Several hundred people reportedly have been killed on both the Ethiopian government side and the Tigray regional government side, a diplomat in the capital, Addis Ababa, told The Associated Press.
More than 150 citizens of European Union countries alone are thought to be in the Tigray region, which is increasingly cut off with airports and roads closed and communications largely severed, and governments are trying to ensure their consular protection, the diplomat added, speaking on condition of anonymity.
“There are so many uncertainties,” the diplomat said. “How far can Abiy go with this operation while keeping the possibility of, in the end, having a more or less peaceful solution? You need the support of the people.”

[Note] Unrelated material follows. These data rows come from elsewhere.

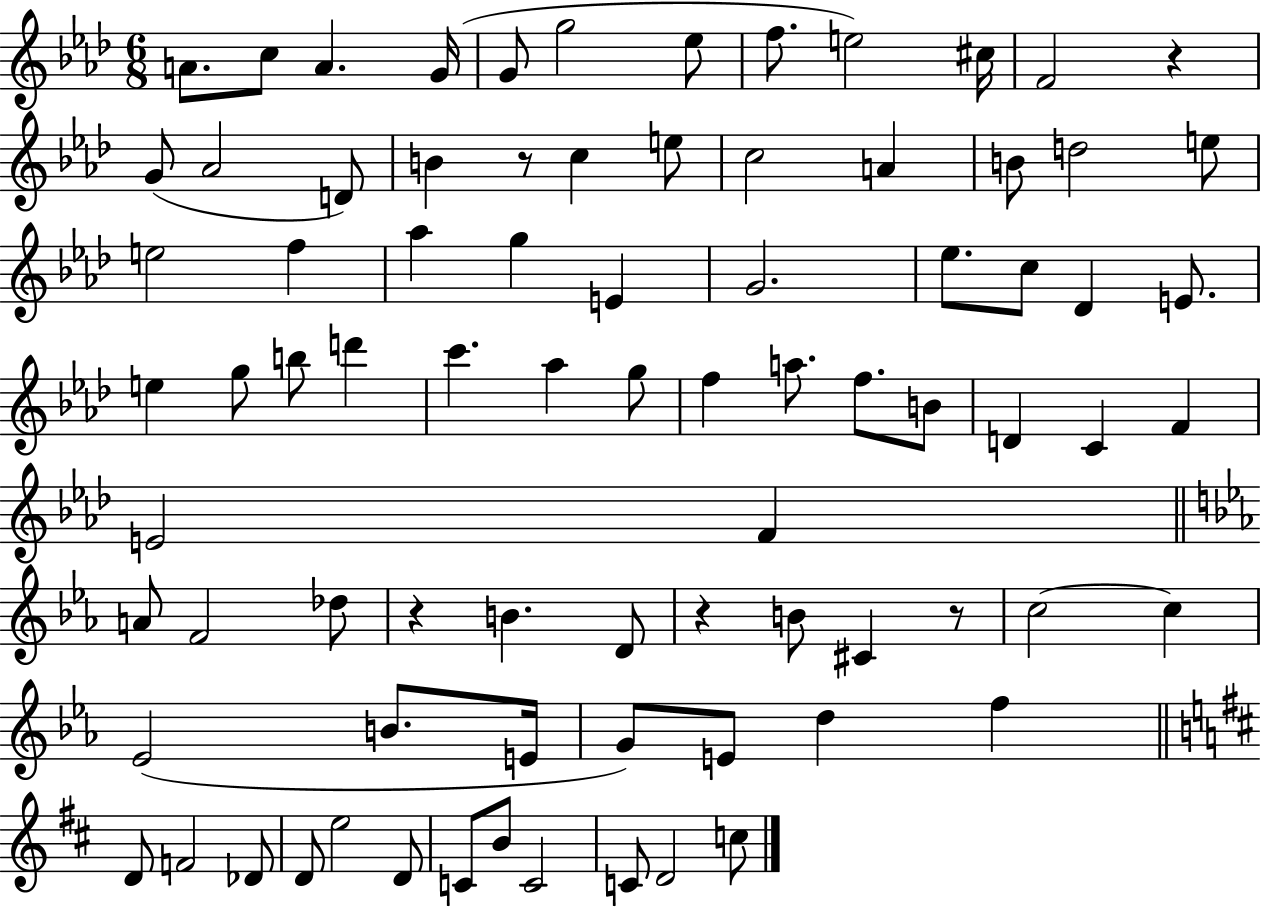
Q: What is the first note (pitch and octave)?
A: A4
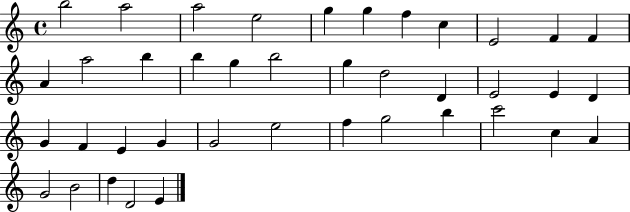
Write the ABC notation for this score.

X:1
T:Untitled
M:4/4
L:1/4
K:C
b2 a2 a2 e2 g g f c E2 F F A a2 b b g b2 g d2 D E2 E D G F E G G2 e2 f g2 b c'2 c A G2 B2 d D2 E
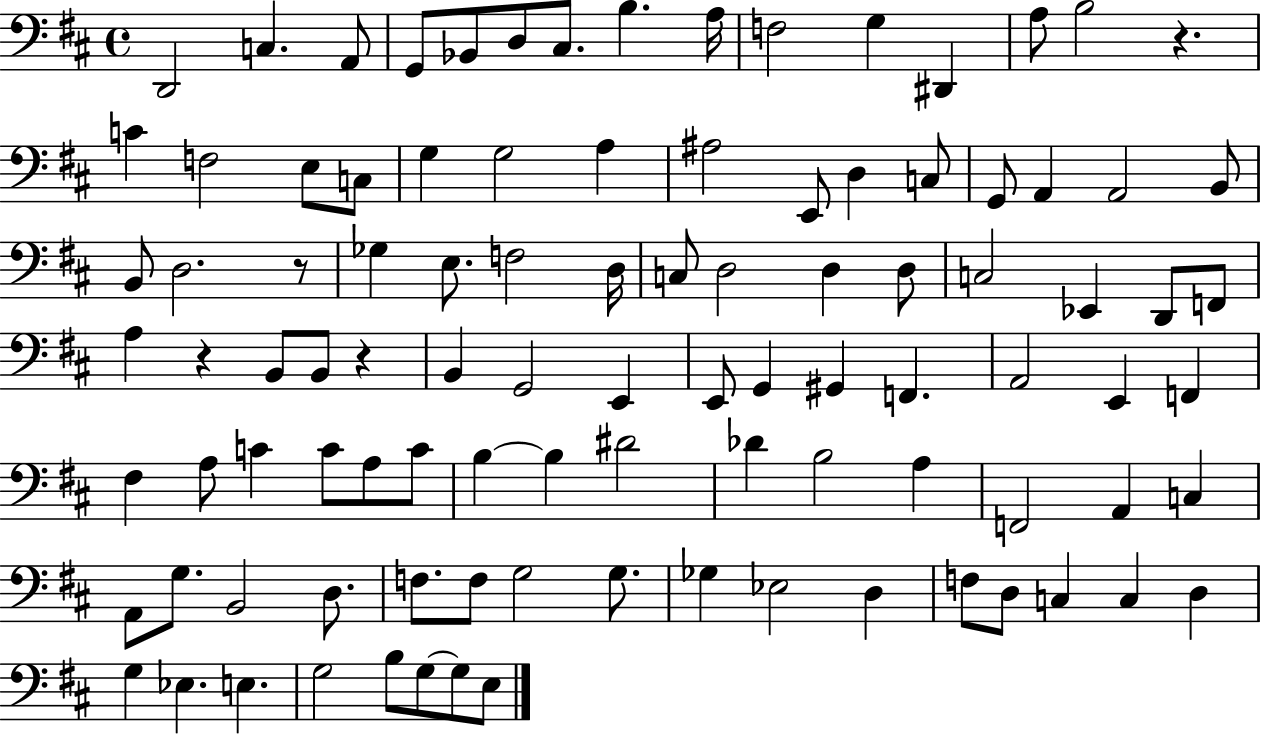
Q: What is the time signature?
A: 4/4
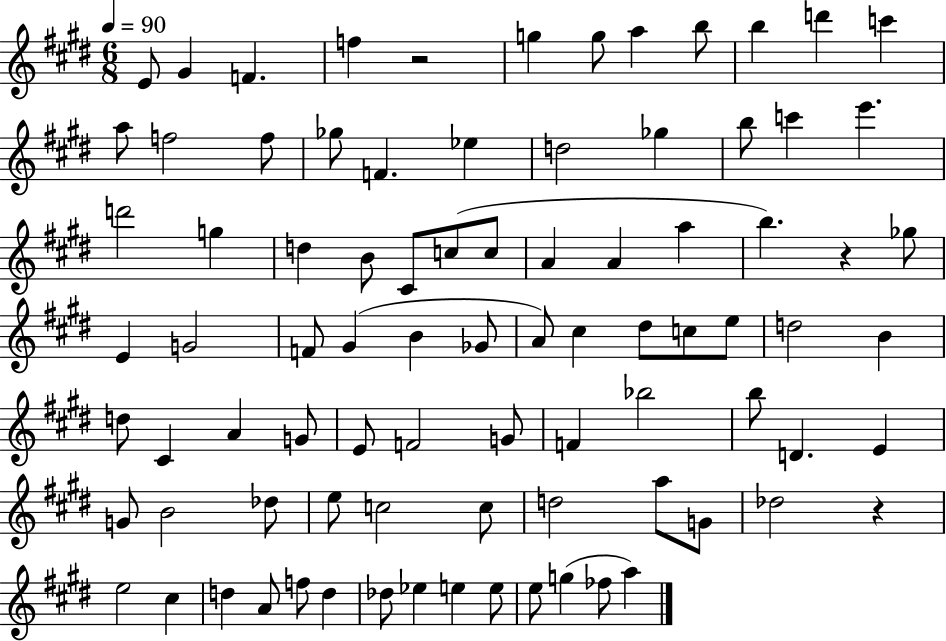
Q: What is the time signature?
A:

Experts worry that the longer the conflict lasts, the more difficult it will be for the federal government to bring the Tigray region back to Ethiopia's federation of regional states.
Aid groups warn the humanitarian needs will grow.
“They need to prioritize de-escalation and allow humanitarian work to happen,” George Readings, who leads global crisis analysis for the International Rescue Committee, told the AP, adding that new populations will be made vulnerable.
The group has one month left of fuel to run water pumps for 90,000 refugees, he said. Without it, “then there just won’t be clean water to drink, wash hands, deal with COVID,” he said. The group also feeds undernourished children, and “we don’t know if, or when, or how we'll be able to resupply.”
Ethiopia's federal government continued to assert military gains Tuesday, with the defense forces saying they had seized the Humera airport in Tigray, near the border with Sudan and Eritrea, the state-affiliated Fana Broadcasting Corporate reported.
Eritrea has said little publicly on the fighting but has blamed the TPLF, a longtime rival, for starting it. Eritrea's ambassador to Kenya and Tanzania, Beyene Russom, scoffed in a tweet at the idea the TPLF, with “a huge arsenal of a quantity & quality bigger than most of African countries,” would negotiate with Ethiopia's federal government. “Then what? Allow it to secede? Rule Ethiopia again?” he asked.